It’s hard to be a special-needs mom in a typical mom world, it just is. When other moms in my neighborhood get together with their children, the mood is jovial, the cares are few. The kids fly off together exploring rooms, toys, finding things to entertain, their imaginations keyed up like violins. The moms gather in the kitchen like moths to light to swap stories, the minutiae of their days. The conversation is spirited and topical and tinged with neighborhood gossip… did you hear so-and-so did this? no! really?
It is more than that they all seem to speak the same language — which they do, of course.
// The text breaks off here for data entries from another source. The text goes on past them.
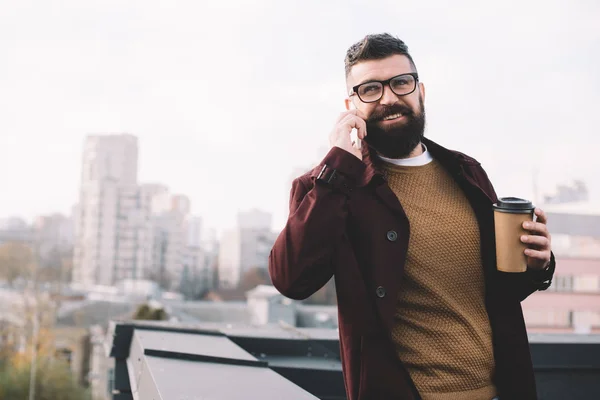 Stylish Adult Man Glasses Talking Smartphone Holding Coffee Rooftop — Free Stock Photo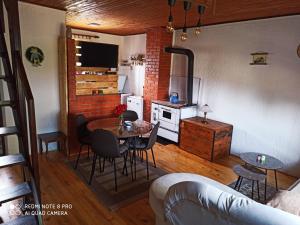 a kitchen and dining room with a table and chairs at Konak Pahulja TARA in Bajina Bašta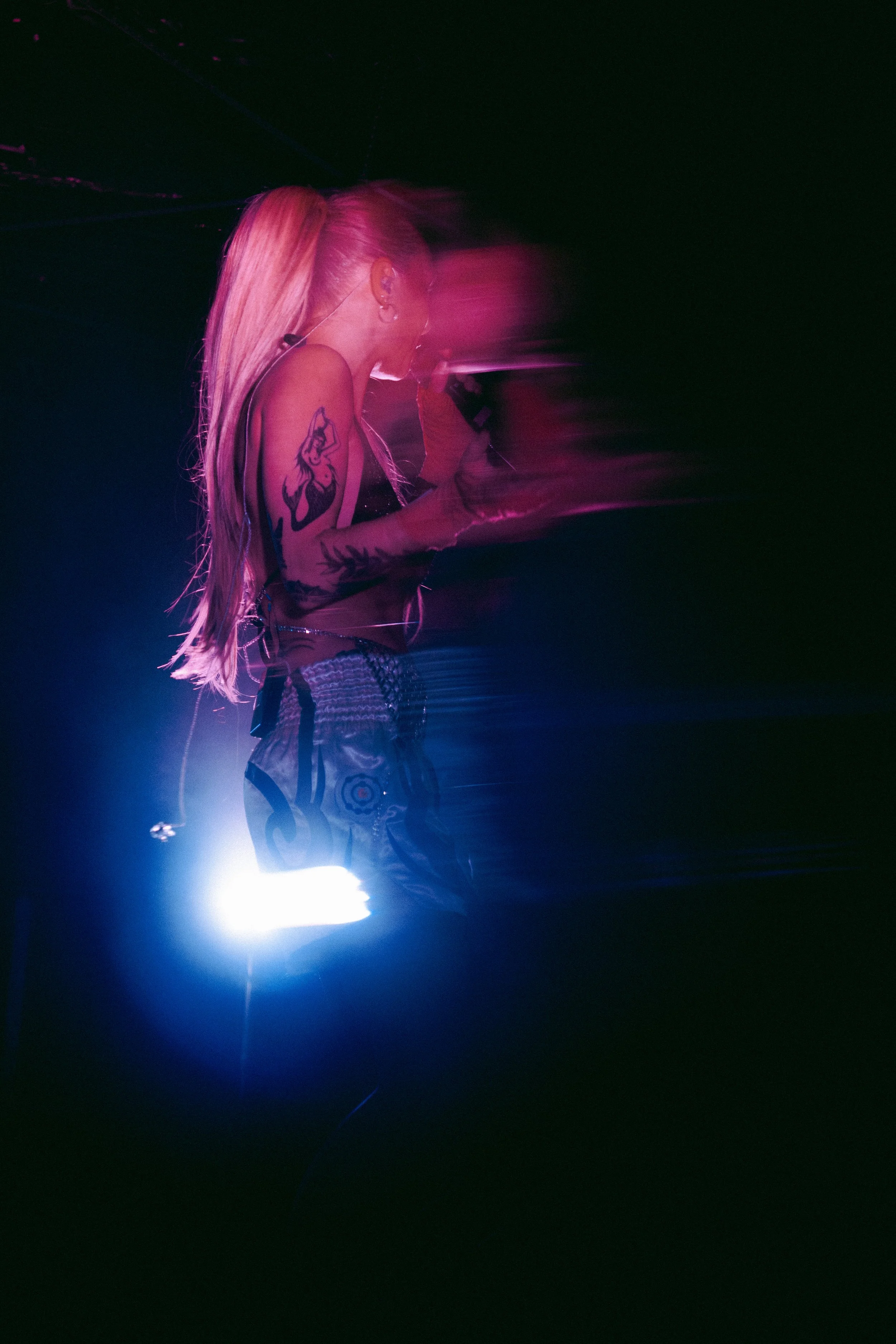A woman with long blonde hair and tattoos on her arm, wearing a black top and patterned shorts, holds a microphone on stage with pink and purple lights creating a blurred motion effect.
It’s that they do so without straining to hear whether one of their children has figured out how to unlock the screen door and is now running up the sidewalk about to dart into the path of a speeding car…
(It does not matter that I’ve already flitted back and forth “Just to check!” at least 15 times to confirm my worst nightmare only to find him still sitting there with a spray of playing cards around him. I’m certain the next time he will escape.)
No one else has to keep an eye on their still not potty-trained child because he’s making some suspicious sounds across the room.
As a consequence, I never fully participate in these play dates — nor do I enjoy them very much — even as I crave them. I am certain that my cheeks blaze with the embarrassment of being THAT mother, the overprotective one, the one who thinks everything is of possible peril to her children.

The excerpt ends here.